Cleaning up the data
The end-goal of this work was to construct a visualization tool that could help identify political ideology. However, as many important endeavors do, this project began with an intriguing conversation.
“It all started over coffee when Alana Romanella and I were discussing white supremacy and hate speech,” says Rajamohan. “The conversation evolved, and we started talking about different political groups.”
Eventually, Romanella and Rajamohan decided they could use deep learning to better understand political ideology by investigating social media posts. They decided to focus on Twitter, as it is a data-rich environment with a free application programming interface (API). After collecting data for four months, the team had roughly 3 million tweets to work with.
“We pulled the tweets based on certain hashtags provided by our in-house political scientist.”
But, as Rajamohan explains, this approach has some drawbacks. “A particular hashtag can be used by people from widely varying beliefs and backgrounds, so that’s not necessarily going to tell you that they belong to a particular group or they have a certain ideology.”
For example, say you’re trying to figure out how groups of people feel about the Black Lives Matter movement. You can’t simply assume anyone tweeting out the #BlackLivesMatter hashtag is a sympathizer to the cause, as members of white supremacist groups might also use this hashtag in a derogatory context.
This kind of ambiguous information is called dirty data, and it can be a big problem in machine learning. It can prevent scientists from actualizing any real analysis of a given dataset, and it is the most common issue facing data science workers.
For this project, Rajamohan decided to move to a weakly supervised form of machine training to understand intent. Contextual embeddings helped mitigate noise in the data by guiding a human researcher to the incorrect records on the plots that were generated from the neural network.

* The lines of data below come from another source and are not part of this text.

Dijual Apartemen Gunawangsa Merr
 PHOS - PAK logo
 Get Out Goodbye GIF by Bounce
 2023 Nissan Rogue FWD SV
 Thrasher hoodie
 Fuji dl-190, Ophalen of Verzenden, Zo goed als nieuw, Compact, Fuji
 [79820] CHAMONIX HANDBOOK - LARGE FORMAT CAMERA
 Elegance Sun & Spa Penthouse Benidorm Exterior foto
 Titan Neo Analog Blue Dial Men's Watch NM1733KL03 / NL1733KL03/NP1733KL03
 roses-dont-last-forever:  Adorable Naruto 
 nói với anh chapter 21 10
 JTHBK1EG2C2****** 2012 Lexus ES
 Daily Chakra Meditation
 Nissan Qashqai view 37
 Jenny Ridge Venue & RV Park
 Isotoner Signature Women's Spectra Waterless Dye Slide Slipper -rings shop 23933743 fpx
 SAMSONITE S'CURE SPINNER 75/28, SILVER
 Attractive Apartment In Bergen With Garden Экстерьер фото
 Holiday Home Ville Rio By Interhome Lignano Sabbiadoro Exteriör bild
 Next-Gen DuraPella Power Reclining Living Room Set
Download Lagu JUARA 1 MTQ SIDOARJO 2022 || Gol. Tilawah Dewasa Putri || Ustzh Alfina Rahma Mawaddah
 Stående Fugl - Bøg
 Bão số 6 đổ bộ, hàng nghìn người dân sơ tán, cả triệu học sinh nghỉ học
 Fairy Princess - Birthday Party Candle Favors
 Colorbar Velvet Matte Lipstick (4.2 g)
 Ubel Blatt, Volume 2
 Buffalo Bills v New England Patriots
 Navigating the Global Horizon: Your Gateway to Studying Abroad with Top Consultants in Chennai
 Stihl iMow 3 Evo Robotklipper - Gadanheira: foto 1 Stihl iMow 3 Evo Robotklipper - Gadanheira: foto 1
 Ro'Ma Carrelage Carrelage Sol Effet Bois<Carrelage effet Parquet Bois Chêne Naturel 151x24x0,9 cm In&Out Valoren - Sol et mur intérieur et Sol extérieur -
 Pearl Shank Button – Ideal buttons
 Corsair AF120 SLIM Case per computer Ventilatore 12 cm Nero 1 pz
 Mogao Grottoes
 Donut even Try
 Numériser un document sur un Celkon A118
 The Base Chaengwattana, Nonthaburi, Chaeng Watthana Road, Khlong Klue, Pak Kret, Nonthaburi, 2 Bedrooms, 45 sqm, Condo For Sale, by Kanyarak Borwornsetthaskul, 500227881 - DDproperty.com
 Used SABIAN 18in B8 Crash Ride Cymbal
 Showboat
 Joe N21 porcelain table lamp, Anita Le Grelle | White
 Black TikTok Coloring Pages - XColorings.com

Once they had cleaner data, Rajamohan and his colleagues were able to visualize these belief structures. Although they experimented with various visualization techniques such as t-SNE, Isomap, and PCA, multidimensional scaling (MDS) turned out to be the most efficient.
This model places liberal ideologies on the bottom left, while conservative opinions are placed on the top right. Although other techniques such as t-SNE are able to provide a more effective separation of data, MDS is able to better identify incorrect labels in the corpus.
Quantifying an opinion
To make this whole process simpler, Rajamohan focused less on specific political ideologies in favor of plotting a person’s political affiliation based on their relationship to an important public figure. For instance, your opinion of Elizabeth Warren or Donald Trump reveals a lot about your own beliefs.
"In an ideal world, I would have a tool like this before voting." says Rajamohan.
I would take all of the beliefs and opinions a politician ever expressed and project it on a screen. I would then take my own beliefs and opinions and put it on the screen and look who I’m closest to.
While this tool has a long way to go before it becomes something the public can rely on to pick a candidate, simply pursuing this endeavor keeps Rajamohan interested.
“Being able to understand intent is hard,” said Rajamohan. “You have an entity, and it’s easy to say someone feels positively or negatively about something, but how do you quantify or extract someone’s intent? That is a really ill-defined concept, so if we can use deep learning or AI to extract them – I think that’s a pretty neat concept to explore.”